While Facebook and the other members of the Libra Association stand to profit from the success of Libra, do not discount the positive impact that this may have on individuals excluded from traditional banks due to lack of resources, valid identification, or financial literacy. Libra may present a way for those without bank accounts or credit cards to access digital goods and services and circumvent expensive international transfer fees. This initiative also shows that financial inclusion is becoming a mainstream topic and a business model in and of itself, rather than a niche or an afterthought. Monetization opportunities notwithstanding, Libra’s public mission statement is global financial empowerment and inclusion, and, given its connection to big names like Facebook, Mastercard, and Visa, is a visible step in actually achieving these goals.
However, one major roadblock to this inclusion play is Calibra’s reliance on government documentation for new account verification. This is a huge complication for the goal of “banking the unbanked,” as many are currently excluded purely due to the inability to provide said government identification.
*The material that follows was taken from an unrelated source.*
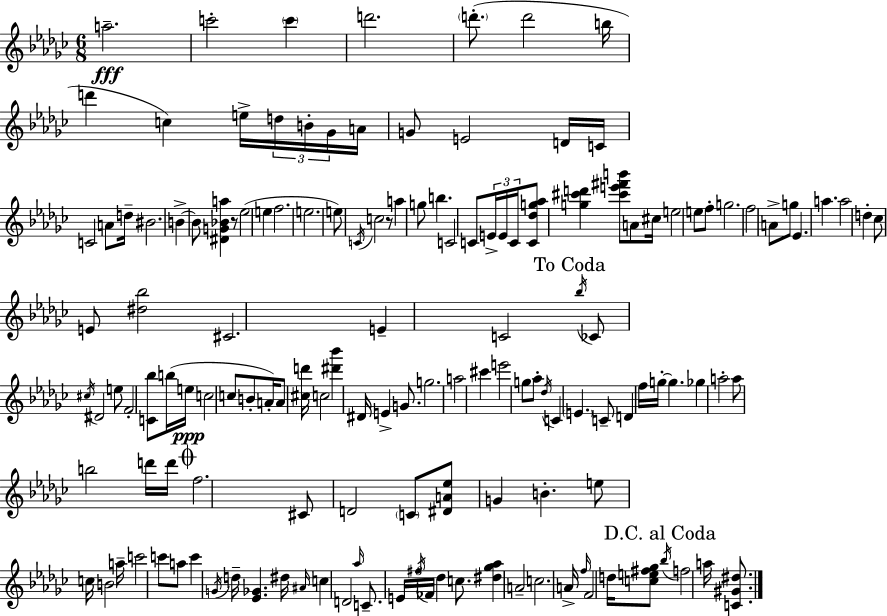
A5/h. C6/h C6/q D6/h. D6/e. D6/h B5/s D6/q C5/q E5/s D5/s B4/s Gb4/s A4/s G4/e E4/h D4/s C4/s C4/h A4/e D5/s BIS4/h. B4/q B4/e [D#4,G4,Bb4,A5]/q R/e Eb5/h E5/q F5/h. E5/h. E5/e C4/s C5/h R/e A5/q G5/e B5/q. C4/h C4/e E4/s E4/s C4/s [C4,Db5,G5,Ab5]/e [G5,C#6,D6]/q [C#6,E6,F#6,B6]/e A4/e C#5/s E5/h E5/e F5/e G5/h. F5/h A4/e G5/e Eb4/q. A5/q. A5/h D5/q CES5/e E4/e [D#5,Bb5]/h C#4/h. E4/q C4/h Bb5/s CES4/e C#5/s D#4/h E5/e F4/h [C4,Bb5]/e B5/s E5/s C5/h C5/e B4/e A4/s A4/e [C#5,D6]/s C5/h [D#6,Bb6]/q D#4/s E4/q G4/e. G5/h. A5/h C#6/q E6/h G5/e Ab5/e Db5/s C4/q E4/q. C4/e D4/q F5/s G5/s G5/q. Gb5/q A5/h A5/e B5/h D6/s D6/s F5/h. C#4/e D4/h C4/e [D#4,A4,Eb5]/e G4/q B4/q. E5/e C5/s B4/h A5/s C6/h C6/e A5/e C6/q G4/s D5/s [Eb4,Gb4]/q. D#5/s A#4/s C5/q D4/h Ab5/s C4/e. E4/s F#5/s FES4/s Db5/q C5/e. [D#5,Gb5,Ab5]/q A4/h C5/h. A4/s F5/s F4/h D5/s [C5,E5,F#5,Gb5]/e Bb5/s F5/h A5/s [C4,G#4,D#5]/e.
Another subsequent question arises – will people have access to physical locations to exchange fiat for Libra, given their lack of access to existing digital financial services?
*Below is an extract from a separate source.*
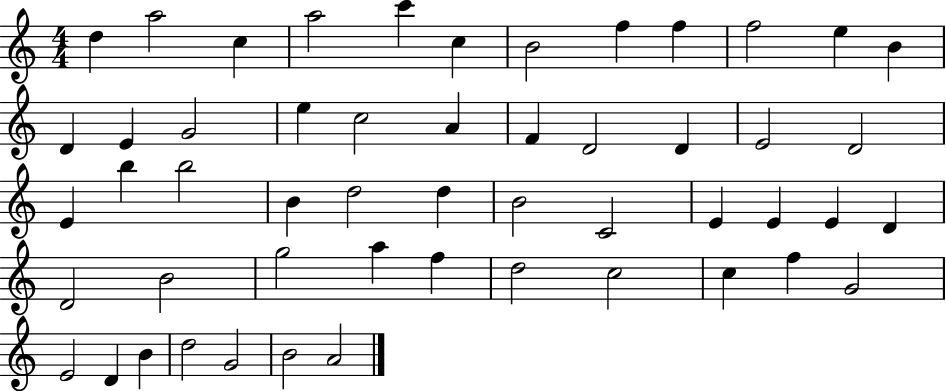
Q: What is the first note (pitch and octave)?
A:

Furthermore, inclusion also involves a technical understanding of the platform – Libra is targeting users who are the most removed from the underlying technology and, as a result, are the most vulnerable to potential predatory behavior and exploitation by bad actors. The Libra Association needs to make a concerted effort to promote transparency and education for its users to prevent any chance of loss of autonomy or privacy.
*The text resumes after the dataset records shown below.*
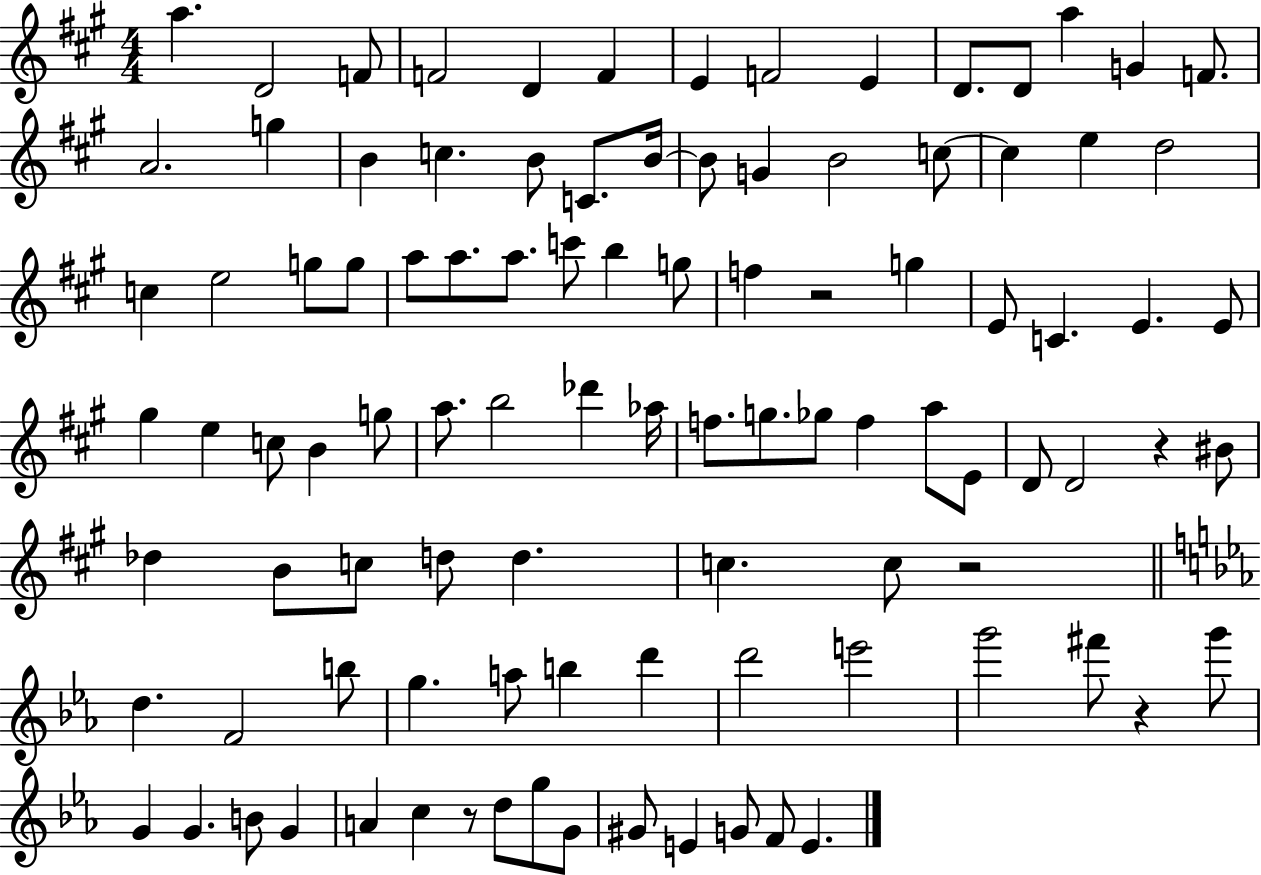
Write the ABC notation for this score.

X:1
T:Untitled
M:4/4
L:1/4
K:A
a D2 F/2 F2 D F E F2 E D/2 D/2 a G F/2 A2 g B c B/2 C/2 B/4 B/2 G B2 c/2 c e d2 c e2 g/2 g/2 a/2 a/2 a/2 c'/2 b g/2 f z2 g E/2 C E E/2 ^g e c/2 B g/2 a/2 b2 _d' _a/4 f/2 g/2 _g/2 f a/2 E/2 D/2 D2 z ^B/2 _d B/2 c/2 d/2 d c c/2 z2 d F2 b/2 g a/2 b d' d'2 e'2 g'2 ^f'/2 z g'/2 G G B/2 G A c z/2 d/2 g/2 G/2 ^G/2 E G/2 F/2 E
At the end of the day, Tuesday’s announcement was just that – an announcement. Libra faces many challenges in the upcoming half- to whole year to launch: growing political antitrust pressure against tech giants, technical challenges and limitations, regulatory compliance requirements, and public reputation re: user data privacy (lookin’ at you, Cambridge Analytica). Time will tell whether or not Libra will be spark for change or just a blip on the radar.